Política institucional
Para Meirinho, falta uma política pública de habitação centrada na Prefeitura. O plano vigente centra essa obrigação na Cohab, mas ele acredita que a companhia não tem capacidade para assumir essa responsabilidade. “A Cohab é uma empresa, uma sociedade de economia mista. A política habitacional não pode ser concentrada apenas em uma empresa. Nisso o plano diretor infelizmente não avança. Ele deixa de vincular tanto à Cohab, mas ele não diz que deve haver uma política institucional”, critica.

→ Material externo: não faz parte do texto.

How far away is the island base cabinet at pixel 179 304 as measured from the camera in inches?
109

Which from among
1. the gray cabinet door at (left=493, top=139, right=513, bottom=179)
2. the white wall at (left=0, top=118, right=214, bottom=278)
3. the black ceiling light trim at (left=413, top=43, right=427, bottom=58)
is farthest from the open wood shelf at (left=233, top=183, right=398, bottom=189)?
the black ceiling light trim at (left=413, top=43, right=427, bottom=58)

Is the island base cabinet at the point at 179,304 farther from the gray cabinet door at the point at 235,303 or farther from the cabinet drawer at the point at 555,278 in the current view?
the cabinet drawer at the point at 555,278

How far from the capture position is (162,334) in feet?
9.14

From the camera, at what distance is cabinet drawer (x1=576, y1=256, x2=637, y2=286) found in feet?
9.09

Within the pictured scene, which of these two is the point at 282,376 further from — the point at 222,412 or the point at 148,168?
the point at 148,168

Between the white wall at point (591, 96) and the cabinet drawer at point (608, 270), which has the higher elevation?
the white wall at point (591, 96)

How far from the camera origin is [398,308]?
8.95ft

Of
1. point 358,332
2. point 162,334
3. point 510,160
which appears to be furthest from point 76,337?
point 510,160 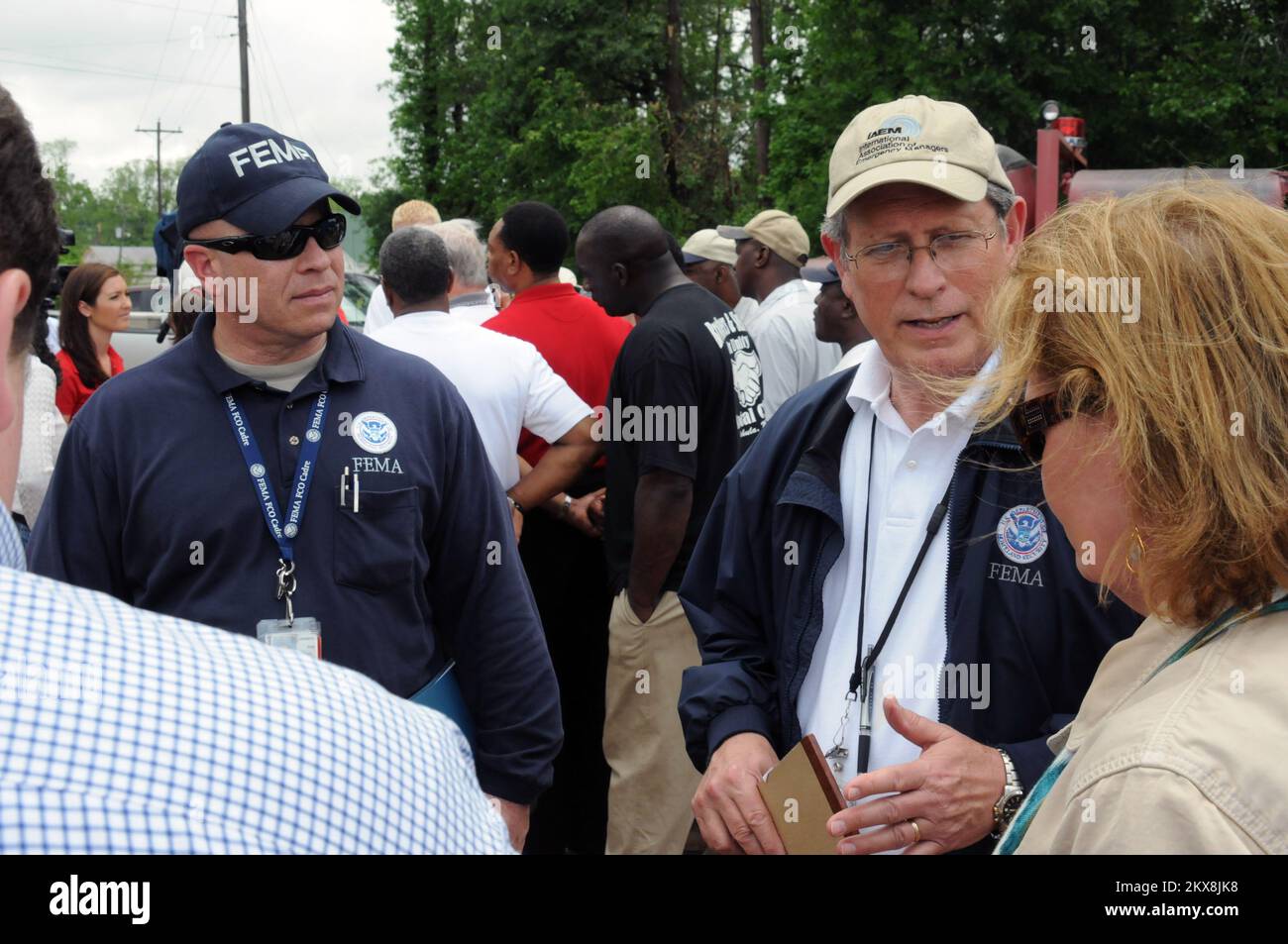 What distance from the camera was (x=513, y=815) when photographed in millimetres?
2939

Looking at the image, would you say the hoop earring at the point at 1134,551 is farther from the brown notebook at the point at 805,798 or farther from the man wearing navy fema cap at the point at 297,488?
the man wearing navy fema cap at the point at 297,488

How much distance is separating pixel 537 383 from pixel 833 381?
2250 mm

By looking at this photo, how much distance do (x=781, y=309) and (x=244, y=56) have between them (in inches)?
1162

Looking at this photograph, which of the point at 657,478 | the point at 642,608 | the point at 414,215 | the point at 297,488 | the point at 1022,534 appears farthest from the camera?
the point at 414,215

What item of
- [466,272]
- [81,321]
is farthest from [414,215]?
[81,321]

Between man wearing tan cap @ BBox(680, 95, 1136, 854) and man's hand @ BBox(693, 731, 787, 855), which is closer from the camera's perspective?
man wearing tan cap @ BBox(680, 95, 1136, 854)

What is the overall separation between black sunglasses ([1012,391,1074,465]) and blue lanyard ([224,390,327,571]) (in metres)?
1.58

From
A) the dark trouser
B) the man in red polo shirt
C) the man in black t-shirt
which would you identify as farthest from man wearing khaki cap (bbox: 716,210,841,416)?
the dark trouser

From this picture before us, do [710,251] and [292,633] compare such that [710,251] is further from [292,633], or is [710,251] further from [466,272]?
[292,633]

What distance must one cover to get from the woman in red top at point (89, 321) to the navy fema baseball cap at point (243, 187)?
4185mm

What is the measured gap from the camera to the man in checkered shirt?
770mm

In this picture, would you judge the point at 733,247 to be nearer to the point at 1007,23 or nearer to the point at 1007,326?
the point at 1007,326

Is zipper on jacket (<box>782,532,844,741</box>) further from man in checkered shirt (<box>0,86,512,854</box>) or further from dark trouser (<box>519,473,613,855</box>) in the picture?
dark trouser (<box>519,473,613,855</box>)

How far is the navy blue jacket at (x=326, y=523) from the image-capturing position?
2578 mm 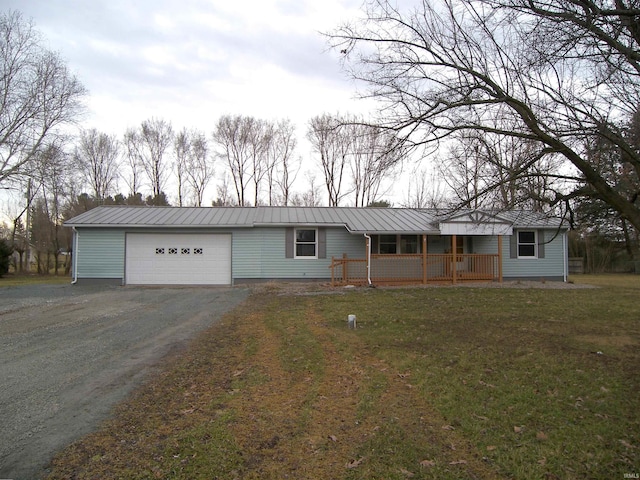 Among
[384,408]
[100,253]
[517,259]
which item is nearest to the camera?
[384,408]

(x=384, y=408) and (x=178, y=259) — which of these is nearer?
(x=384, y=408)

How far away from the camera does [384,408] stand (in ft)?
12.8

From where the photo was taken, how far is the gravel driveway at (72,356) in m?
3.32

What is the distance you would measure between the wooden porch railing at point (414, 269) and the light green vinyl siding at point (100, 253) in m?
8.46

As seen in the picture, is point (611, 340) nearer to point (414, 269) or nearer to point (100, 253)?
point (414, 269)

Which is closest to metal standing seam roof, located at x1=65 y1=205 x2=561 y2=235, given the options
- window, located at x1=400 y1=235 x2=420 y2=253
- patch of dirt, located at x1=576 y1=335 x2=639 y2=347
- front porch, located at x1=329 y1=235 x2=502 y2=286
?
window, located at x1=400 y1=235 x2=420 y2=253

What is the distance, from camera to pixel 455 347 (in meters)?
6.13

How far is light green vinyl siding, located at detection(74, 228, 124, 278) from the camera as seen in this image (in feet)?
53.1

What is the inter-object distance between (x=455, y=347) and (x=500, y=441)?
2.96 m

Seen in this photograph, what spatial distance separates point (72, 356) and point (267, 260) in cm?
1079

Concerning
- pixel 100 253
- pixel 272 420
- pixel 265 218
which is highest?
pixel 265 218

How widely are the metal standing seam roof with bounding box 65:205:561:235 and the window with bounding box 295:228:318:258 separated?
0.49m

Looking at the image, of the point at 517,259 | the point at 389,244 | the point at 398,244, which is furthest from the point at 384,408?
the point at 517,259

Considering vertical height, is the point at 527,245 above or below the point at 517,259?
above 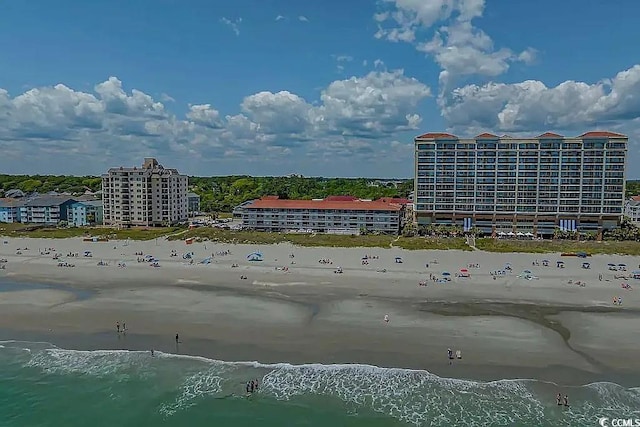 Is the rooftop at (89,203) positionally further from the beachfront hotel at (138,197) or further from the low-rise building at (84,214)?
the beachfront hotel at (138,197)

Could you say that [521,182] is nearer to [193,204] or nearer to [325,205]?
[325,205]

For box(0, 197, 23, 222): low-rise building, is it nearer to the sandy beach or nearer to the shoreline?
the sandy beach

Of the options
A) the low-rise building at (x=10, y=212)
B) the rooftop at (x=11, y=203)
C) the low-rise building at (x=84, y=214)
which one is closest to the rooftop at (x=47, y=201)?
the rooftop at (x=11, y=203)

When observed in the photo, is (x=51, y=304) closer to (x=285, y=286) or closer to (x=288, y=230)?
(x=285, y=286)

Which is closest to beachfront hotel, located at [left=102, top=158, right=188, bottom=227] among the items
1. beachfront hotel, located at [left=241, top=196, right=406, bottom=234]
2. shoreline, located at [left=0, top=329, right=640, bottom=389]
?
beachfront hotel, located at [left=241, top=196, right=406, bottom=234]

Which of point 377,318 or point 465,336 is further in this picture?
point 377,318

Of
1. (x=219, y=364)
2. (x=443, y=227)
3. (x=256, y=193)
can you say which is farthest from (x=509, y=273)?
(x=256, y=193)

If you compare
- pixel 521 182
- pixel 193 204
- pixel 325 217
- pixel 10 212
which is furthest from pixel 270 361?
pixel 193 204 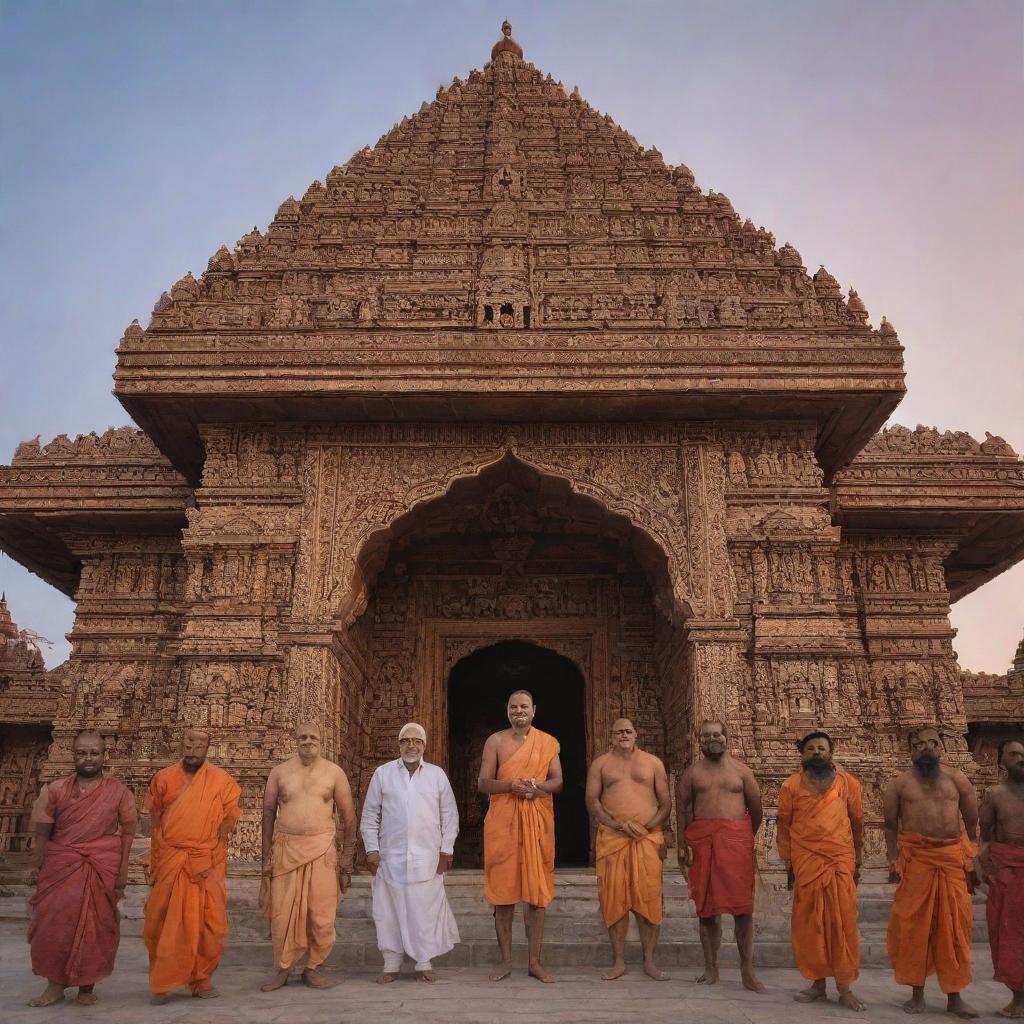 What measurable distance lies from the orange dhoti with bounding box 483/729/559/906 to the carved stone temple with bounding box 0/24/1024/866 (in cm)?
317

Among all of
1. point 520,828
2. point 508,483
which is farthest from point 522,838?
point 508,483

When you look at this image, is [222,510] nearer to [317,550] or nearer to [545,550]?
[317,550]

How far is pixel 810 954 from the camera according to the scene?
586 cm

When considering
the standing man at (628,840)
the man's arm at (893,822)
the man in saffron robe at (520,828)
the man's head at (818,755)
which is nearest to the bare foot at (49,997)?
the man in saffron robe at (520,828)

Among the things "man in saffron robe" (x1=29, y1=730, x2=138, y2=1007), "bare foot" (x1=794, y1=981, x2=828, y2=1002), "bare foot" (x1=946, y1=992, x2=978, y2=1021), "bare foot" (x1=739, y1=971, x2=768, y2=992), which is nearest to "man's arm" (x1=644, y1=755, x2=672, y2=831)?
"bare foot" (x1=739, y1=971, x2=768, y2=992)

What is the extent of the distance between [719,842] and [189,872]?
351 centimetres

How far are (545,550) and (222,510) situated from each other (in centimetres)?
450

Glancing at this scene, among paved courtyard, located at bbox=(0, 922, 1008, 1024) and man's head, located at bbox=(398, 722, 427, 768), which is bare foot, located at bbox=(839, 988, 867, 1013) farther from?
man's head, located at bbox=(398, 722, 427, 768)

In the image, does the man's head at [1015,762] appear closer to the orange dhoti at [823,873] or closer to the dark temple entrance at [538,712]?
the orange dhoti at [823,873]

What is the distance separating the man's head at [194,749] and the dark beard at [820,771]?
4.14 metres

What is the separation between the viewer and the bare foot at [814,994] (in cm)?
578

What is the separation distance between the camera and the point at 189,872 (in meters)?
6.19

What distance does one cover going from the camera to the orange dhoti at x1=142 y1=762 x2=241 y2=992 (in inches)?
231

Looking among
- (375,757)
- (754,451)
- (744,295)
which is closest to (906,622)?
(754,451)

Mesmo assim, os avanços são visíveis. Meirinho cita mecanismos esdrúxulos do atual plano, que não existem mais no novo Plano Diretor. “Por exemplo, tinha um artigo que dizia que habitação tinha que dar lucro. Ou seja, habitação popular só podia ser feita se não desse prejuízo. A Cohab tinha que ter um retorno interno de todo investimento que fizesse. Isso não faz nenhum sentido. Nós não podíamos fazer nada por causa do argumento de que não daria lucro. Isso já foi rechaçado por muita gente, inclusive por empresários. Acho que mesmo por isso, por haver um certo consenso, isso não existe mais no novo texto”.
Moradia digna
Considerando o número apresentado pela COHAB, de 43 mil moradias, e fazendo uma conta conservadora, considerando apenas três pessoas por família, o déficit habitacional de Curitiba representaria 129 mil pessoas sem habitação adequada, quase 10% da população da cidade.
Sem respaldo do Estado, famílias que não têm onde morar precisam apelar para as ocupações. Os exemplos mais recentes em Curitiba são as ocupações 29 de março e Tiradentes, ambas na Cidade Industrial. Quando as áreas foram ocupadas, em abril, cerca de 600 famílias ocupavam os locais. Enquanto o Plano Diretor não é aprovado, Curitiba tenta encontrar mecanismos para resolver o problema. Em junho, a Câmara Municipal aprovou a lei que implanta o Aluguel Social na cidade. Com isso, a Prefeitura poderá conceder o valor de até um salário mínimo regional (R$ 1.032,02) por mês para famílias sem condições financeiras, para cobrir gastos com moradia por até 24 meses, com possibilidade de prorrogação.
Nesta semana, foi realizada a última audiência pública sobre o Plano Diretor antes do projeto ir para votação. O evento também simbolizou o final da apresentação de emendas, que já são mais de 100. A vereadora Professora Josete já apresentou oito emendas ao projeto e deve apresentar mais algumas de interesse social nos próximos dias. Atualmente, o Plano Diretor se encontra na Comissão de Urbanismo e deve ser votado nas próximas semanas.